### MATERIAL TO PROCESS
+===+
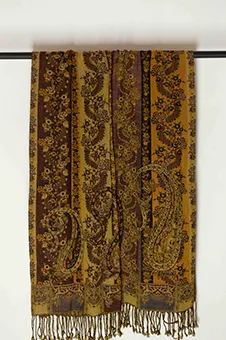 Brown, Ochre and Yellow Scarf with Patterns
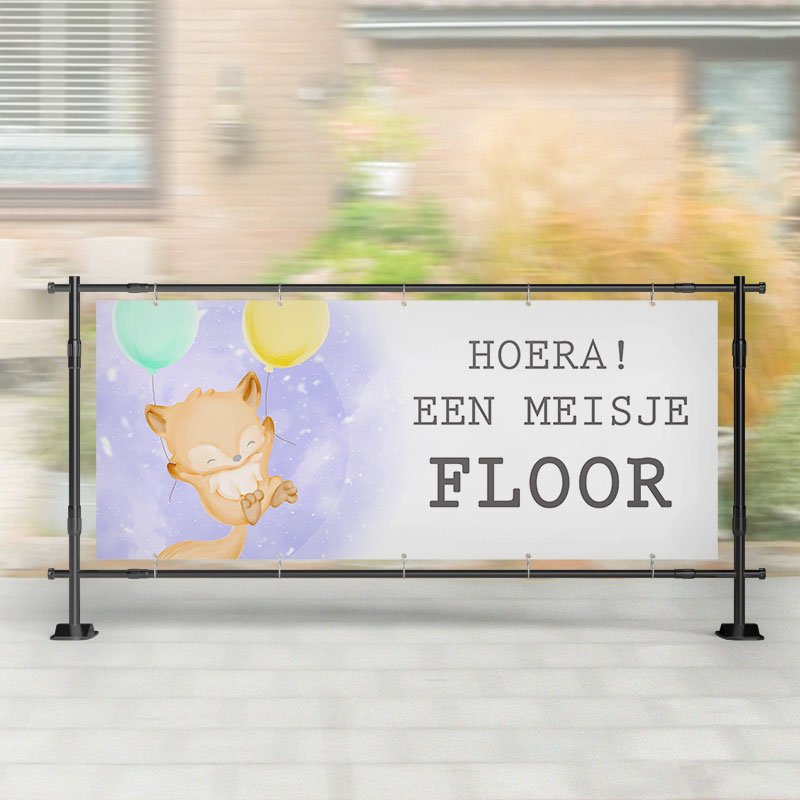 Geboorte spandoek | Vos met Ballon Een Meisje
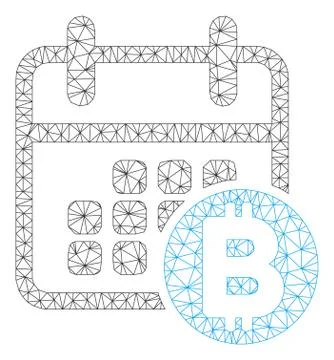 Bitcoin Calendar Vector Mesh Network Model 스톡 일러스트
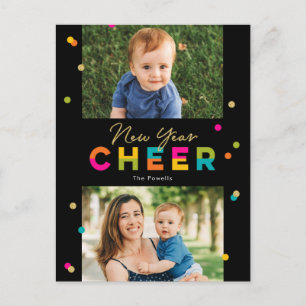 Happy Cheer Colorful Bright New Year Postcard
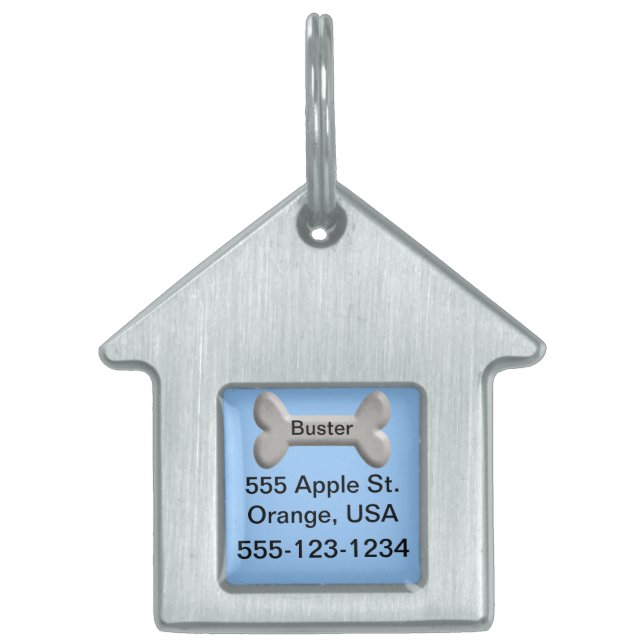 Placa Para Mascotas Mi etiqueta de perro personalizada en casa (Frente)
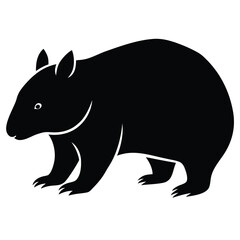 Obraz premium Black wombat silhouette simple vector icon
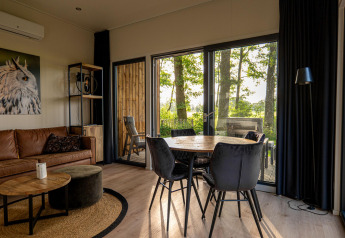Moderne lodge med lædersofa, spisebord, store vinduer og udsigt til terrasse og grøn skov udenfor.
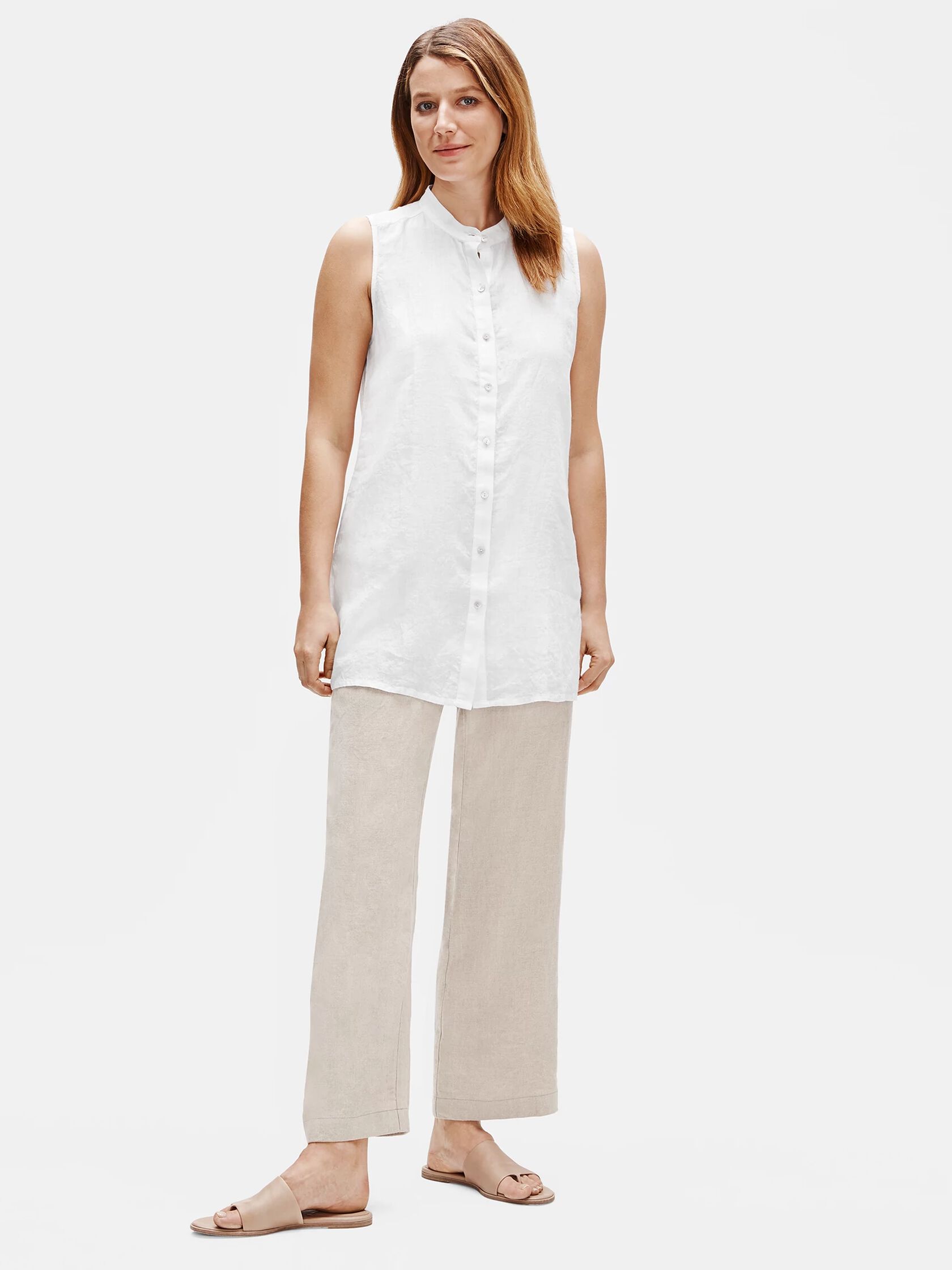 Organic Handkerchief Linen Sleeveless Shirt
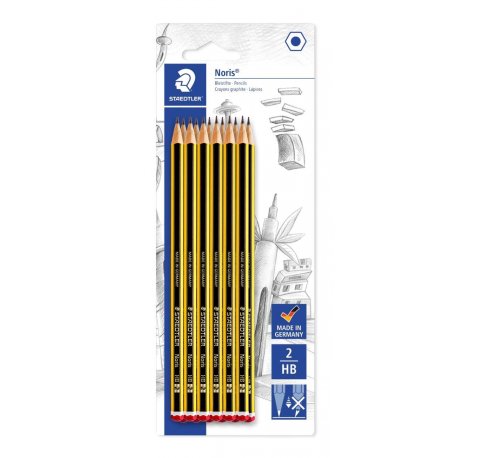 Staedtler Noris 120 Pack de 12 Lapices de Grafito Hexagonales - Mina 2HB - Resistencia a la Rotura - Madera de Bosques Sostenibles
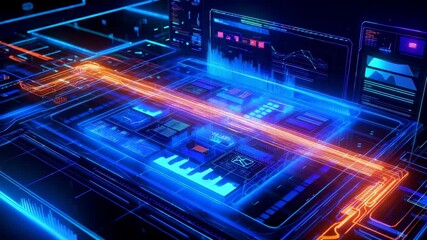 3D render of a futuristic digital dashboard displaying vibrant graphic charts and glowing neon interfaces, symbolizing advanced technology, big data analytics and digital transformation. - Powered by Adobe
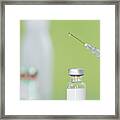 Syringe And Vaccine Vial #9 Framed Print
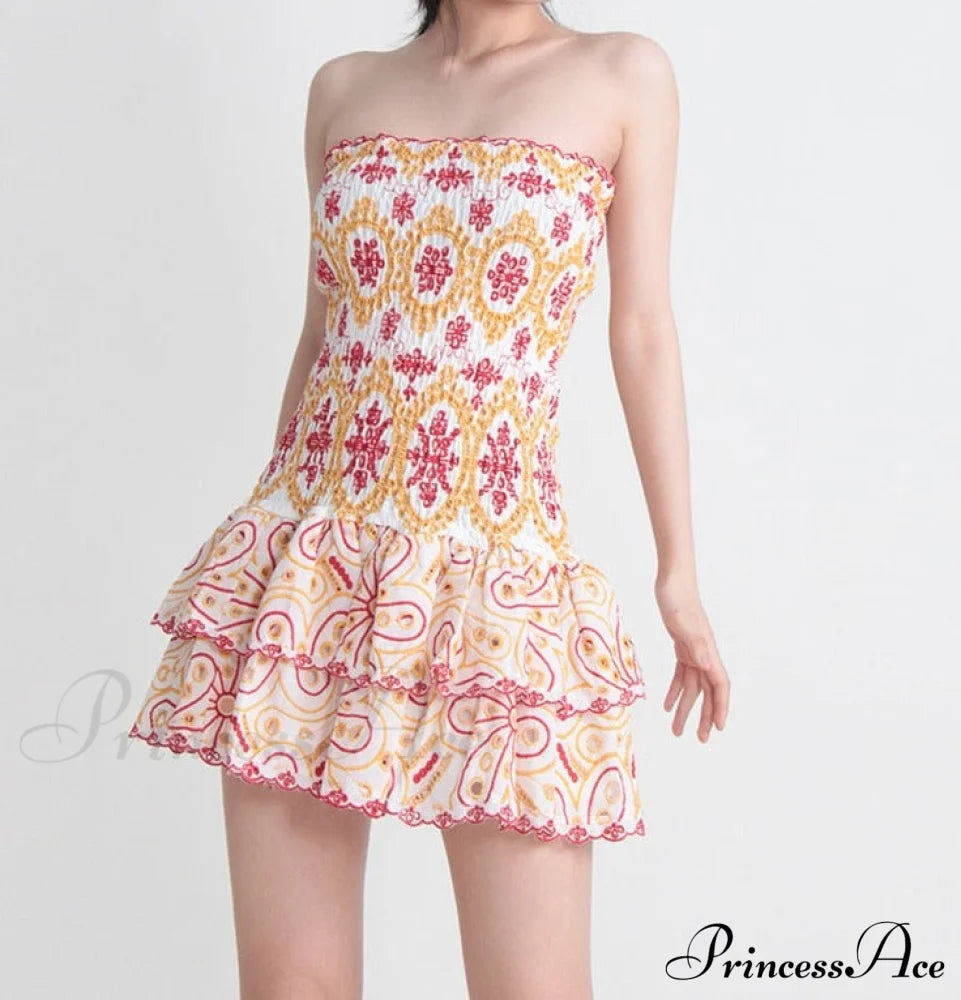 Embroidered Design Tube Charming Ruched Mini Dress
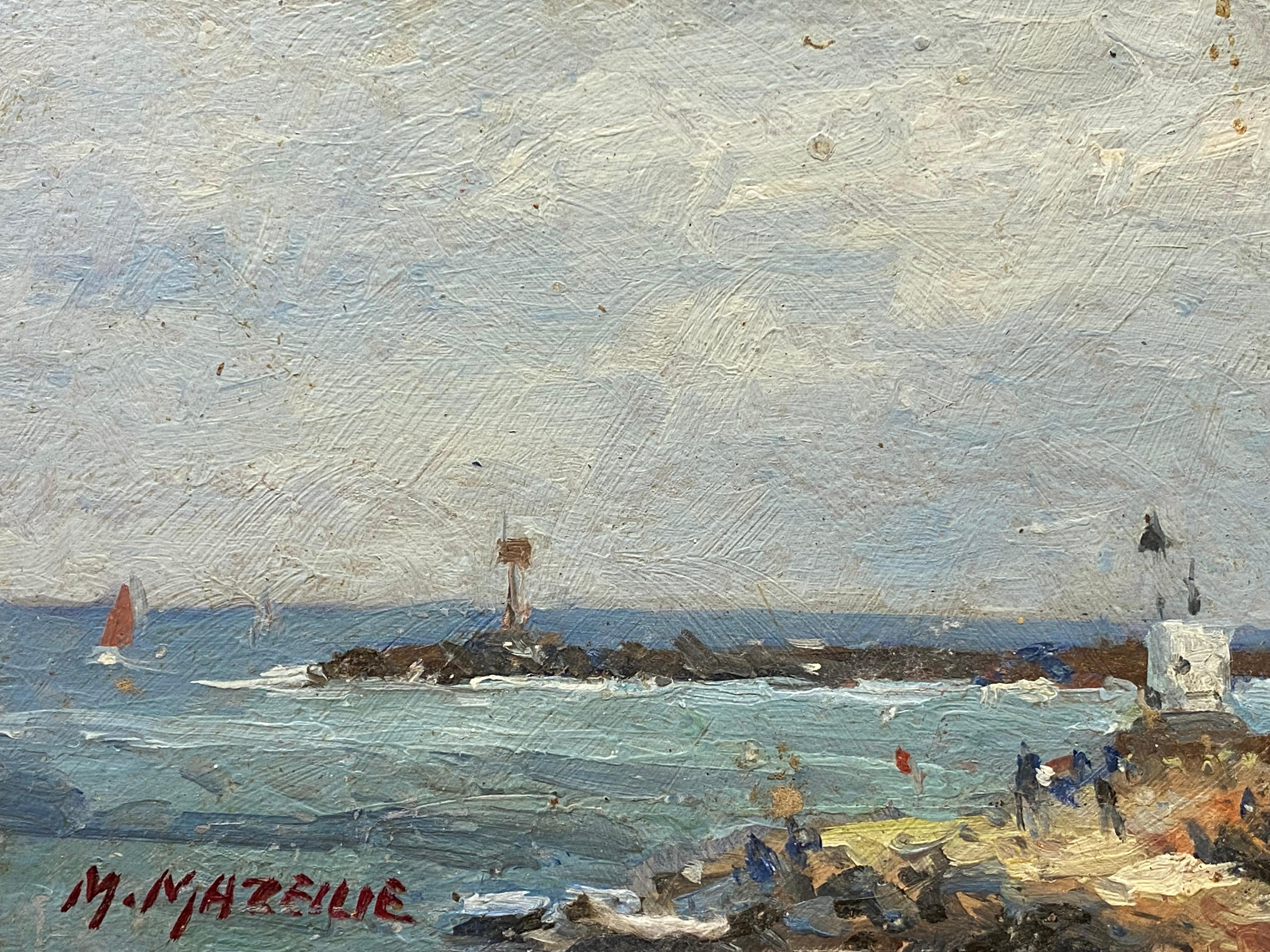 französisches impressionistisches LANDSCAPE aus geprägter OIL – GRÖSSE & BLAUES SKY BEACH-LANDSCAPE (Impressionismus), Painting, von Maurice Mazeilie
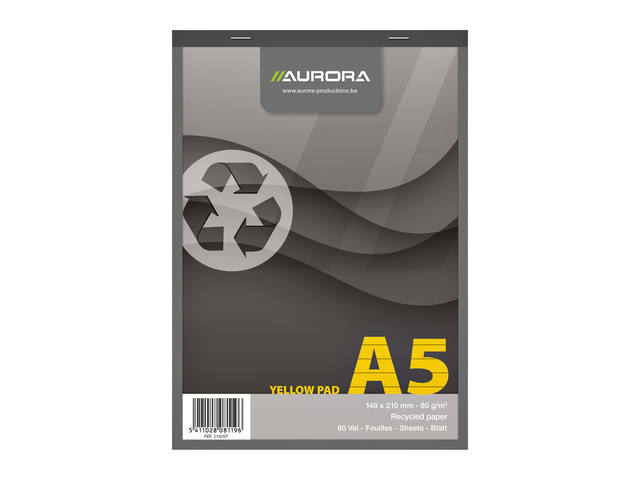Schrijfblok Aurora A5 lijn 80vel 80gr geel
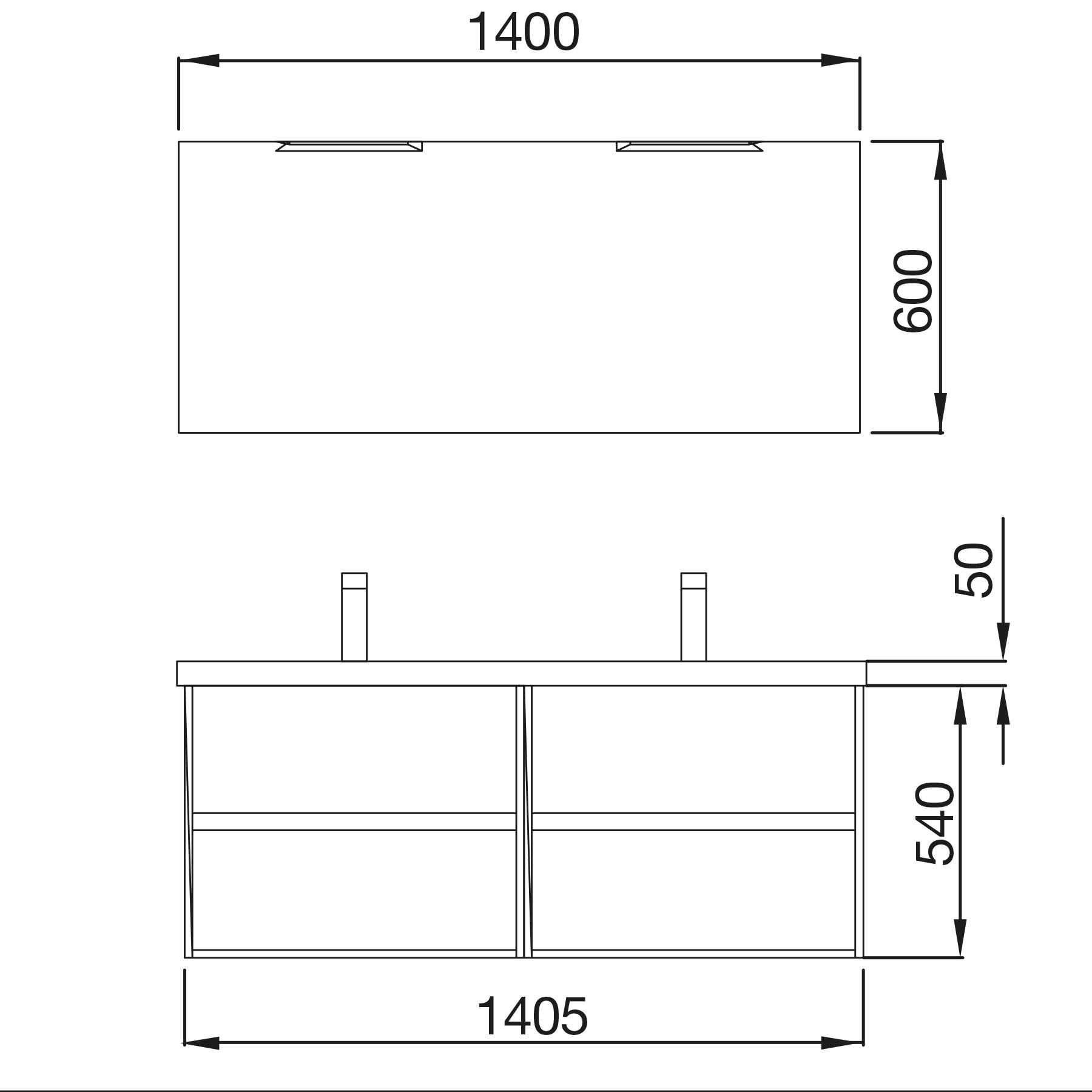 85093 SALGAR Комплект мебели для ванной NOJA 1400 WHITE GLOSS LACQUERED + Раковина + Зеркало + Свет Глянцевый белый - Вид №1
+===+
### DIRECTIONS FOR THIS TASK
Within the material above, find the part that opens with the line containing "3D render of" and closes with the line containing "Syringe And Vaccine Vial #9 Framed Print", and reproduce it exactly without the pictures.

### RESPONSE AREA
 3D render of a futuristic digital dashboard displaying vibrant graphic charts and glowing neon interfaces, symbolizing advanced technology, big data analytics and digital transformation. - Powered by Adobe
 Syringe And Vaccine Vial #9 Framed Print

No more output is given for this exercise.